**Task directions**
From the line containing "this 720×1080 image." through the last line of the records below, each line is to be repeated exactly; pictures are to be omitted.

Saved entries

= = = = =

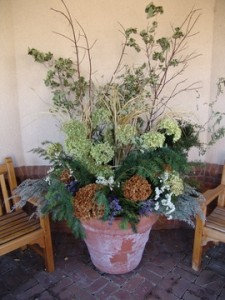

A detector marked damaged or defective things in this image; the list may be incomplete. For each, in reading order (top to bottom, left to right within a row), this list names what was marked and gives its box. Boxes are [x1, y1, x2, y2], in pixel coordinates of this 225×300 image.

chipped paint on pot [81, 214, 158, 276]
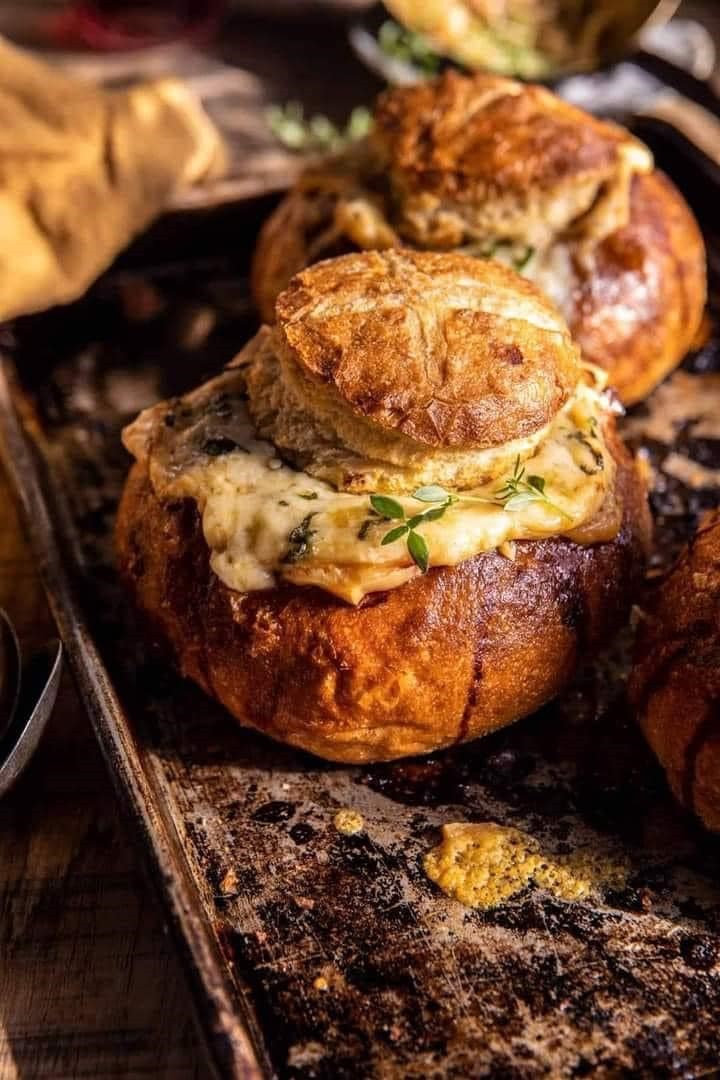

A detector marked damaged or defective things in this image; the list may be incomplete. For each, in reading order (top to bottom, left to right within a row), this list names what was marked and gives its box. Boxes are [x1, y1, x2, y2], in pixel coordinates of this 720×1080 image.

burnt residue on pan [7, 212, 720, 1080]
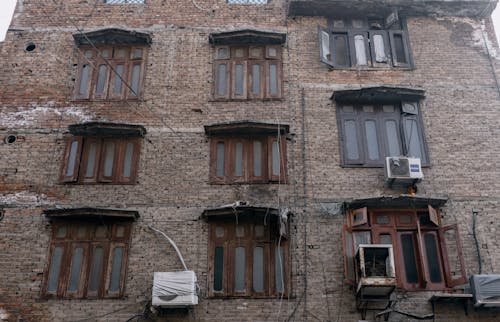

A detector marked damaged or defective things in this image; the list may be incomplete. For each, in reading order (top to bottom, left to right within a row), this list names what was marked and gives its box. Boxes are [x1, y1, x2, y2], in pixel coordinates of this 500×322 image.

broken window [74, 44, 147, 98]
broken window [214, 44, 282, 98]
broken window [320, 16, 410, 68]
broken window [60, 122, 145, 184]
broken window [338, 101, 428, 167]
broken window [43, 220, 132, 298]
broken window [208, 214, 290, 296]
broken window [342, 208, 466, 290]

= = = = =

**Answer for the task**
A detector marked damaged or defective things in this image; the list may be incomplete. For each, in reading order (top to bottom, left to right within a row), this list names what was marked and gives its box. Boxes are [x1, y1, x2, y2], in pixel coordinates of this 720×1080 image.

burnt residue on pan [7, 212, 720, 1080]

A detector marked damaged or defective things in this image; the list may be incomplete. For each, in reading order (top to bottom, left to right within a row), this list names what was marked and gives its box. Boxes are [x1, y1, x2, y2], in pixel coordinates of this 500×322 image.

broken window [74, 44, 147, 98]
broken window [214, 44, 282, 98]
broken window [320, 16, 410, 68]
broken window [60, 122, 145, 184]
broken window [338, 101, 428, 167]
broken window [43, 220, 132, 298]
broken window [208, 214, 290, 296]
broken window [342, 208, 466, 290]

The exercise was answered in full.